Oil prices have dropped more than $100 a barrel from an all-time high of $147.27 hit in July.
U.S. light crude for January delivery was down 64 cents to $46.15 a barrel by 1139 GMT (6:39 a.m. EST). It earlier touched a low of $45.30, the lowest since February 9, 2005.
London Brent crude was down 61 cents at $44.83.
Oil's fall since July has echoed the global economy's slide toward recession and tracked global stock market trends.
"With the oil market looking at equity markets for guidance, you need these to stabilize first before the oil market itself can recover," said Harry Tchilinguirian, analyst at BNP Paribas.
"Most days, you look at S&P futures (U.S. equity futures) in the morning and you get a hint of what crude futures will do," he said.

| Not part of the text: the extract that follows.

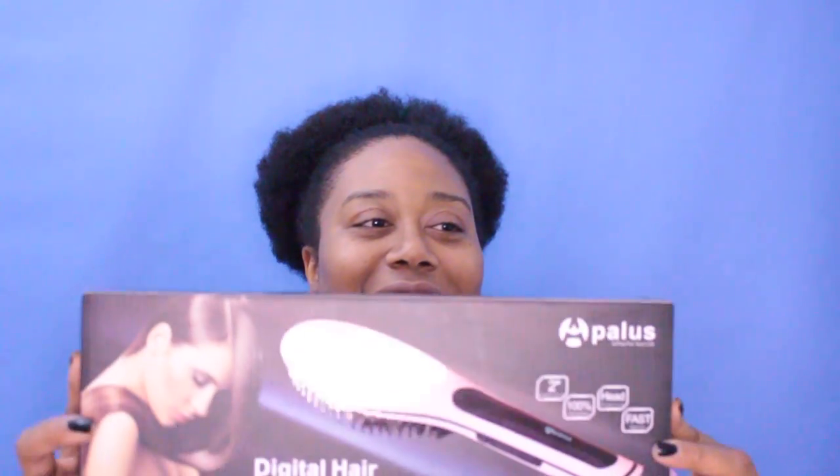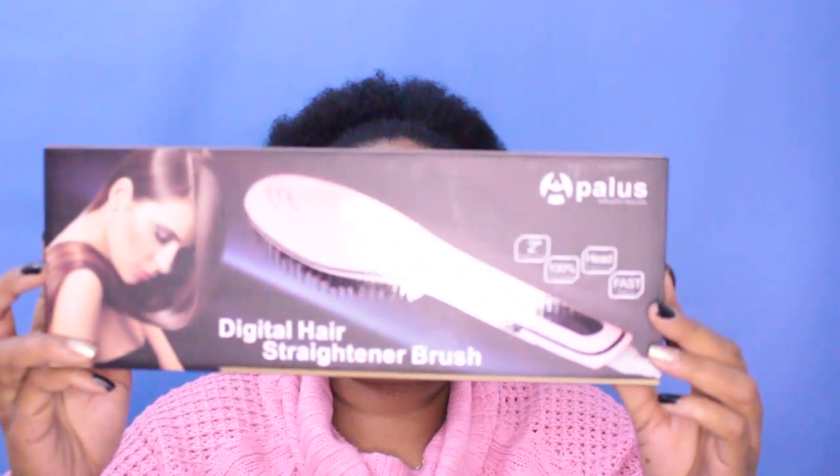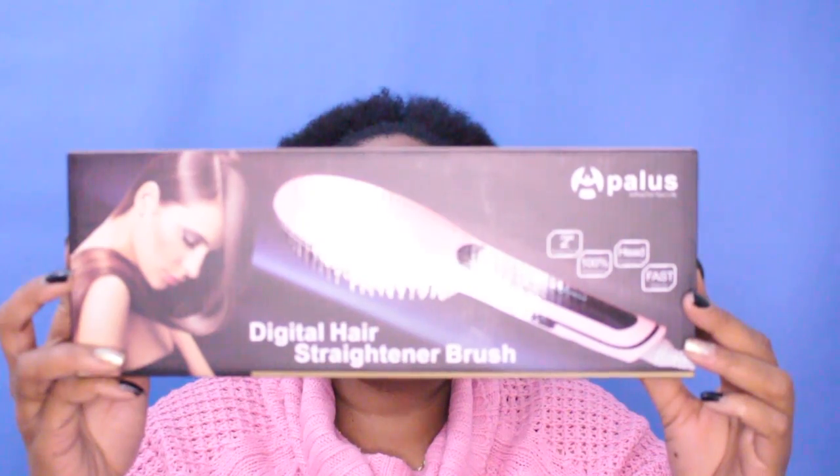I'm going to make this video extremely short because I do not want you to sit here and watch this whole thing just for a giveaway. So the product that the winner will receive is this — the A plus digital hair straightening brush. I'm sure you guys have seen many other YouTubers use this brush or brushes like it to straighten their hair.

He said supply/demand factors such as OPEC supply cuts and winter demand did not appear to be on the agenda at the moment.
European central banks are expected to cut interest rates on Thursday to try to restore some vitality to their feeble economies. [nHKG108699]
Sweden's central bank has cut by a record 175 basis points, prompting speculation of dramatic cuts elsewhere.
Oil producer group OPEC will consider another round of output curbs to try to defend prices when it next meets on December 17 in Algeria.
"For sure we will cut in Oran (Algeria)," Qatar's oil minister Abdullah al-Attiya said on Wednesday.
Oil rose briefly on Wednesday when U.S. Energy Information Administration data revealed an unexpected fall in fuel inventories last week in the world's top energy consumer.
Crude stocks, for example, fell 400,000 barrels in the week to November 28, against an expected 1.7 million barrels build.
Stocks of gasoline and distillates, which include heating oil, also showed surprise falls.
But U.S. refinery utilization fell 1.9 percentage points to 84.3 percent of capacity against a predicted rise of 0.2 percentage point, pointing to weak demand.
"Refiners began to cut processing rates significantly," Jan Stuart, economist in New York for UBS, said in a report.